START Dataset entries
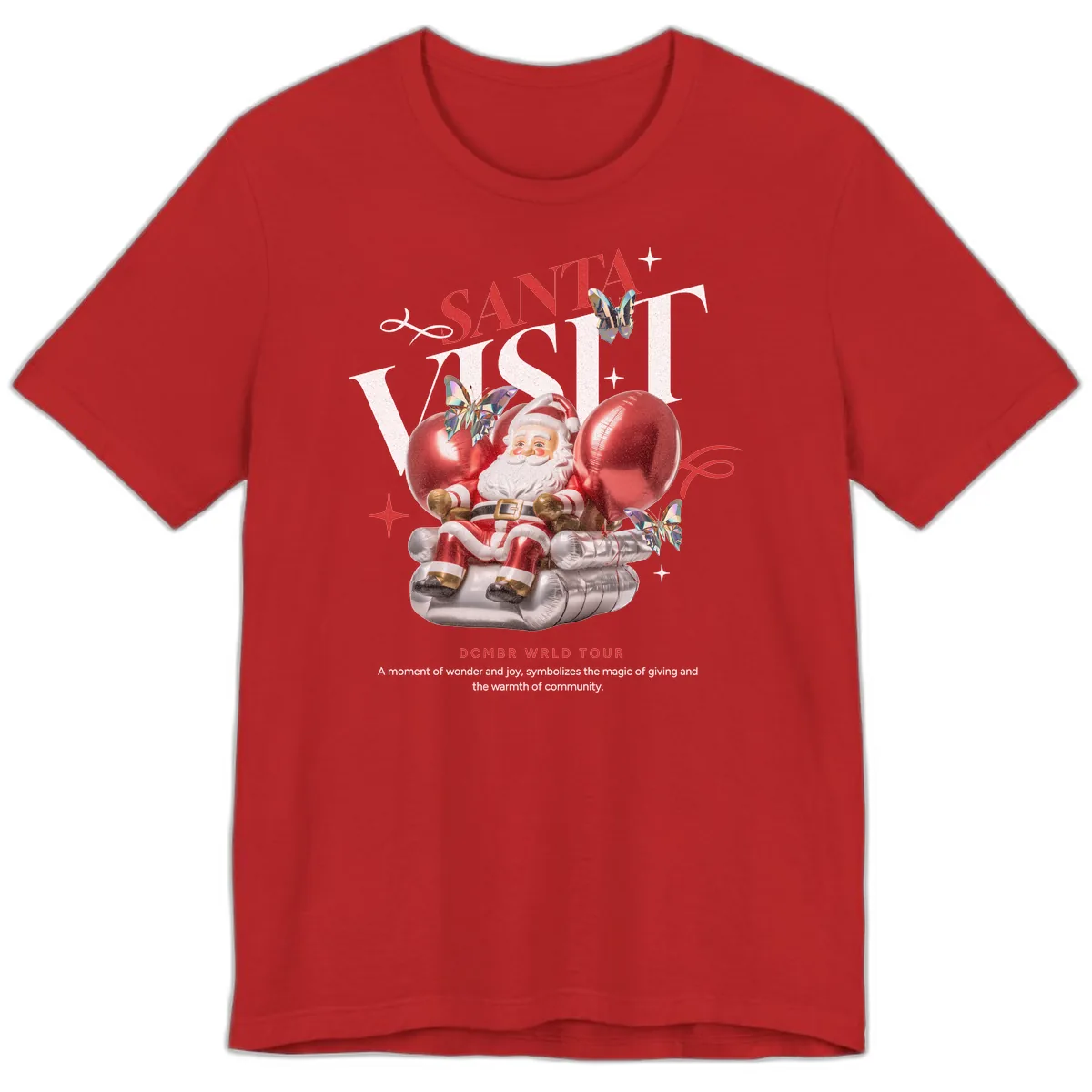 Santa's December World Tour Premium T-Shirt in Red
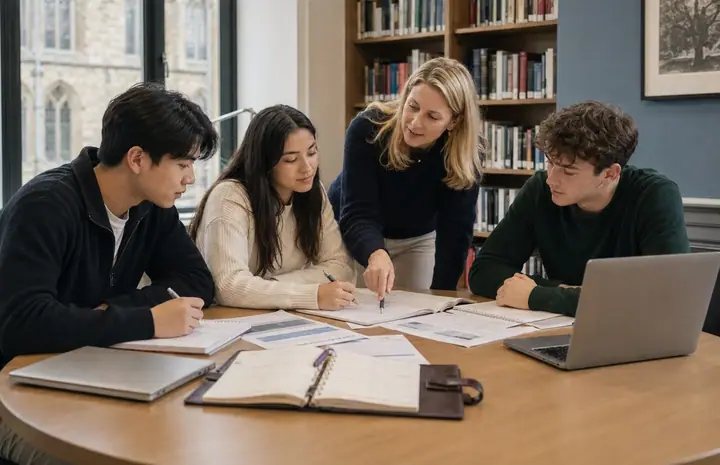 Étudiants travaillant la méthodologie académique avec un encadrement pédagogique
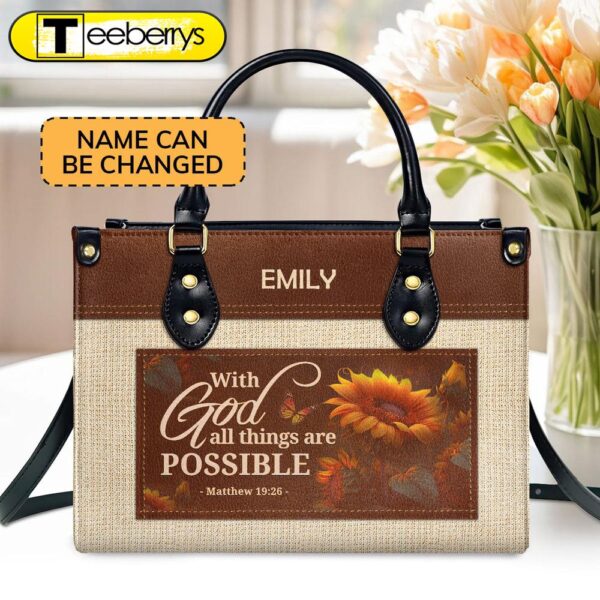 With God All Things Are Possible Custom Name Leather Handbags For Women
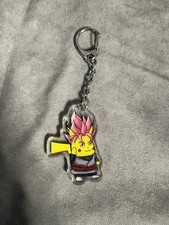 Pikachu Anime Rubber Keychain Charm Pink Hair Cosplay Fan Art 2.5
END Dataset entries
START Dataset entries
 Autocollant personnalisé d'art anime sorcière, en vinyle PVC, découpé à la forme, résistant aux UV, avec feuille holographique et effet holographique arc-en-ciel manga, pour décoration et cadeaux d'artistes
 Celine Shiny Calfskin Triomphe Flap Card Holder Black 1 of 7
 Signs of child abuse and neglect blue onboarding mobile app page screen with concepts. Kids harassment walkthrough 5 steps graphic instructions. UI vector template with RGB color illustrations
END Dataset entries
Beginning with the line above that contains "Santa's December World" and finishing with the line that contains "Pikachu Anime Rubber", print those lines exactly and only. Skip all pictures.

### Answer
 Santa's December World Tour Premium T-Shirt in Red
 Étudiants travaillant la méthodologie académique avec un encadrement pédagogique
 With God All Things Are Possible Custom Name Leather Handbags For Women
 Pikachu Anime Rubber Keychain Charm Pink Hair Cosplay Fan Art 2.5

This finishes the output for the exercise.